* _TASK PROMPT_:
Repeat the listing exactly as given, omitting every image.

* _COLLECTED MATERIAL_:
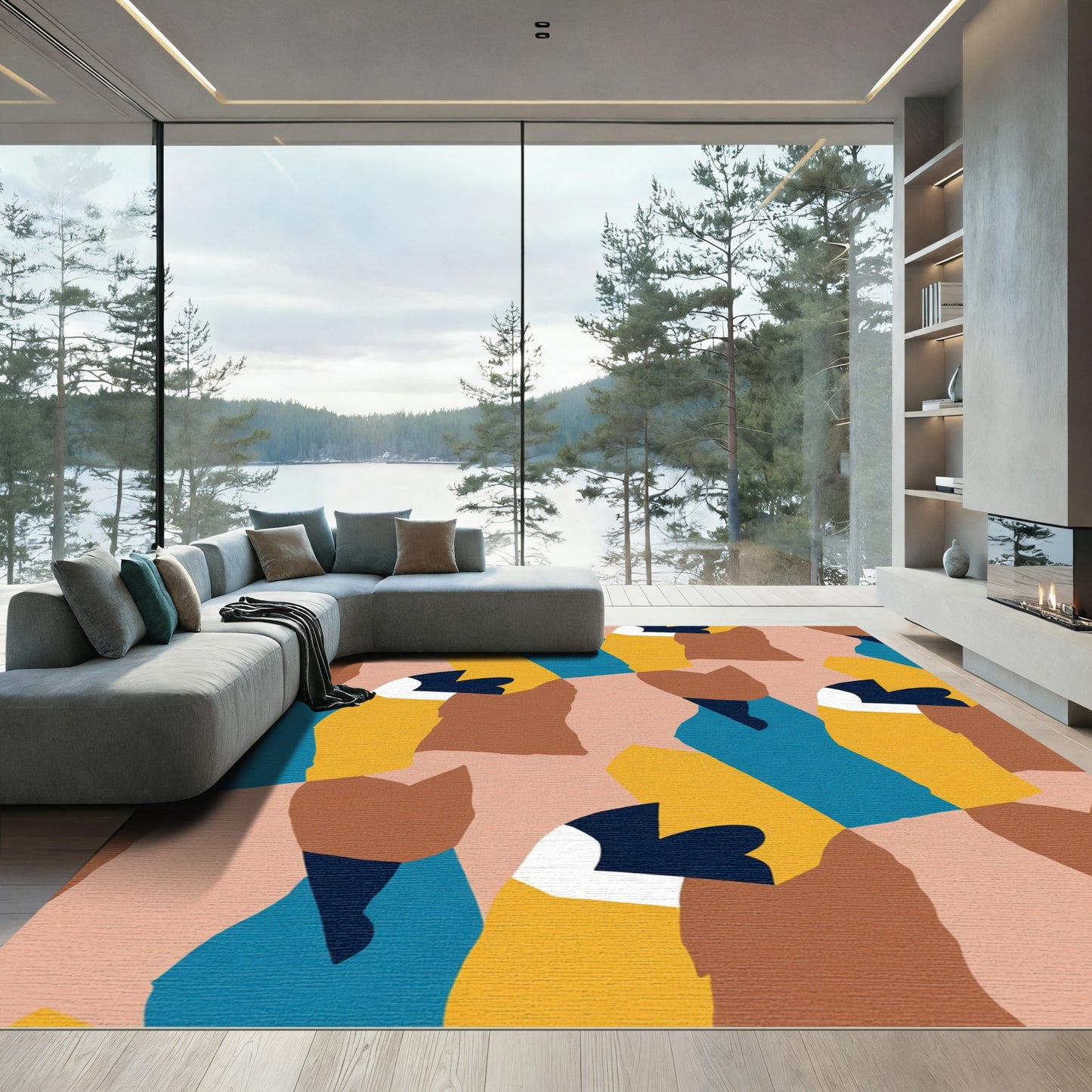 Abstract Geometric Forms Earthy Tones Rug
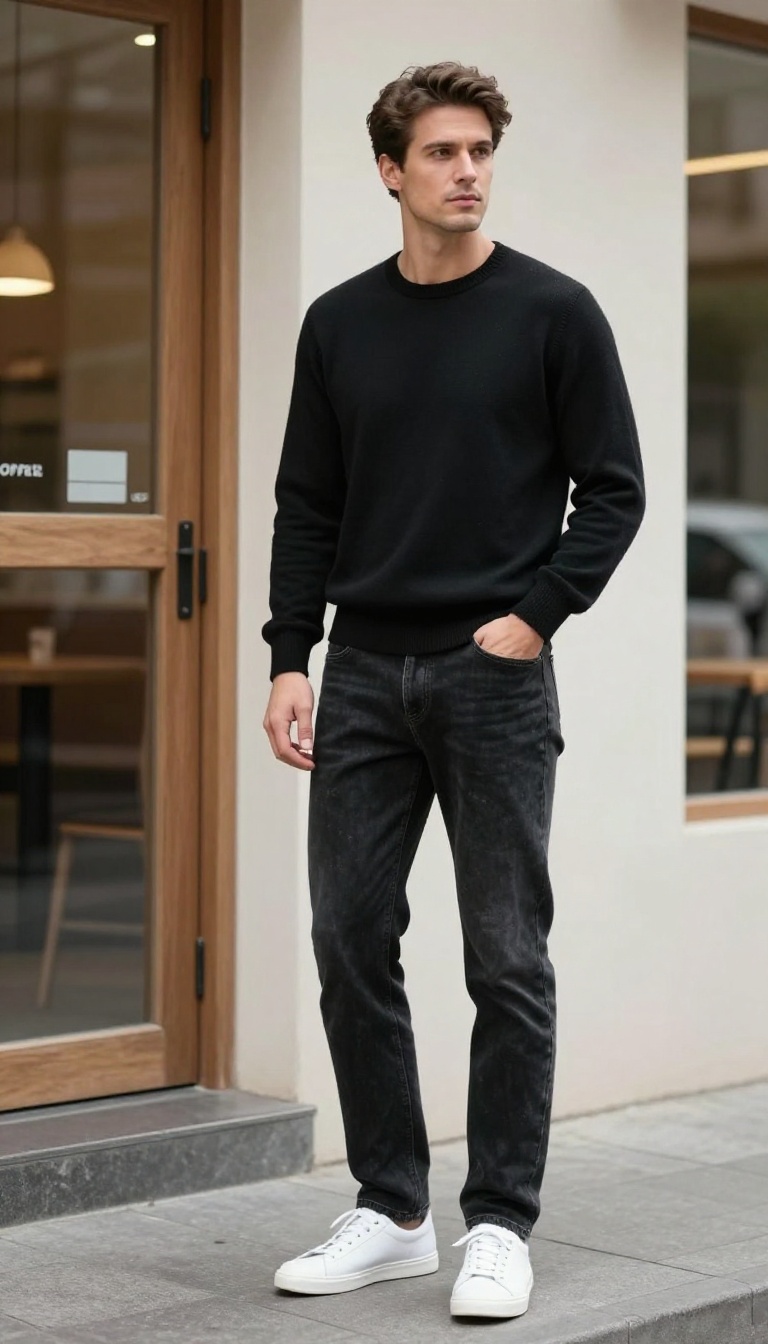 6. Black Crewneck Sweater and Dark Wash Jeans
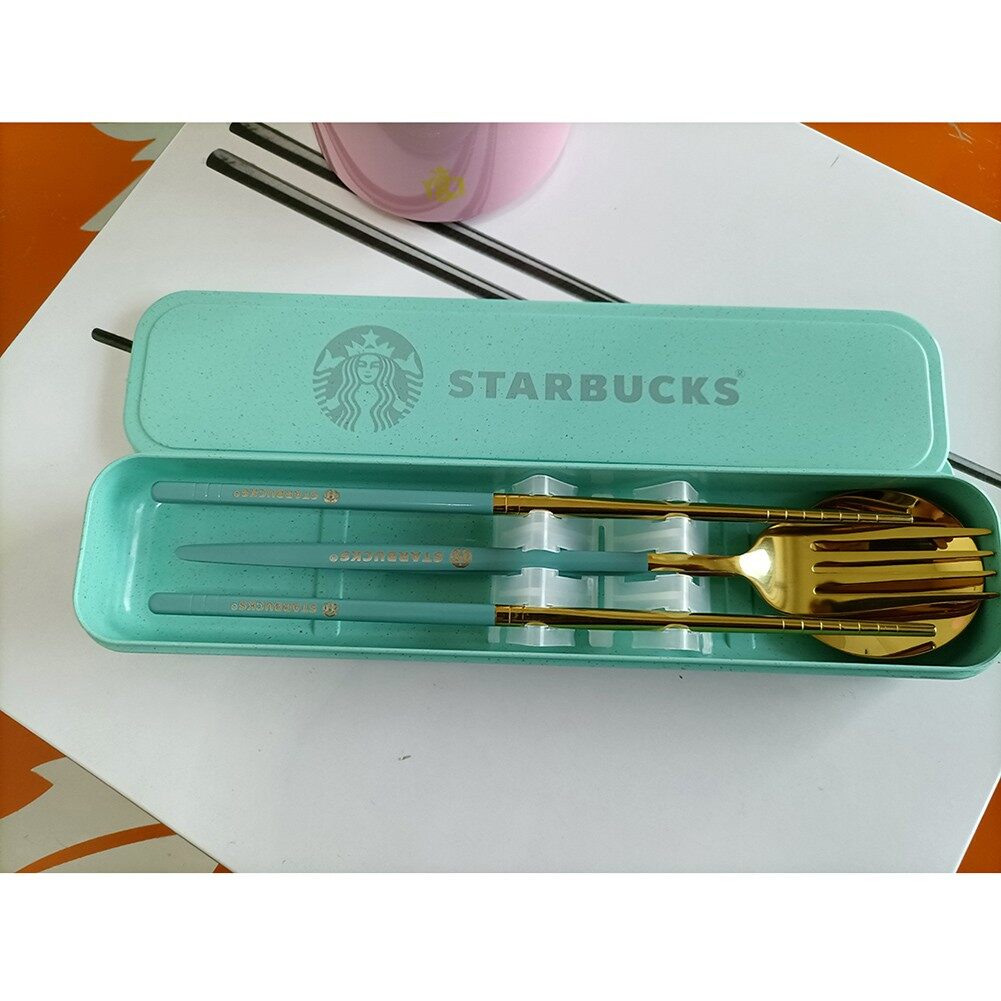 Star * bucks dao kéo bằng thép không gỉ muỗng nĩa đũa bộ ba món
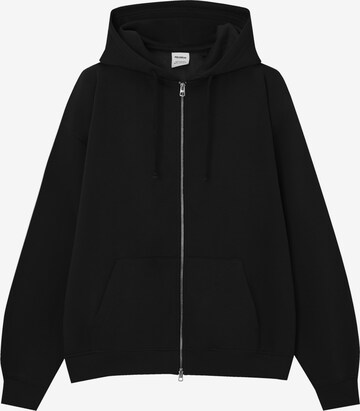 Pull&Bear Sweat jacket in Black: front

* _YOUR RESPONSE_:
 Abstract Geometric Forms Earthy Tones Rug
 6. Black Crewneck Sweater and Dark Wash Jeans
 Star * bucks dao kéo bằng thép không gỉ muỗng nĩa đũa bộ ba món
 Pull&Bear Sweat jacket in Black: front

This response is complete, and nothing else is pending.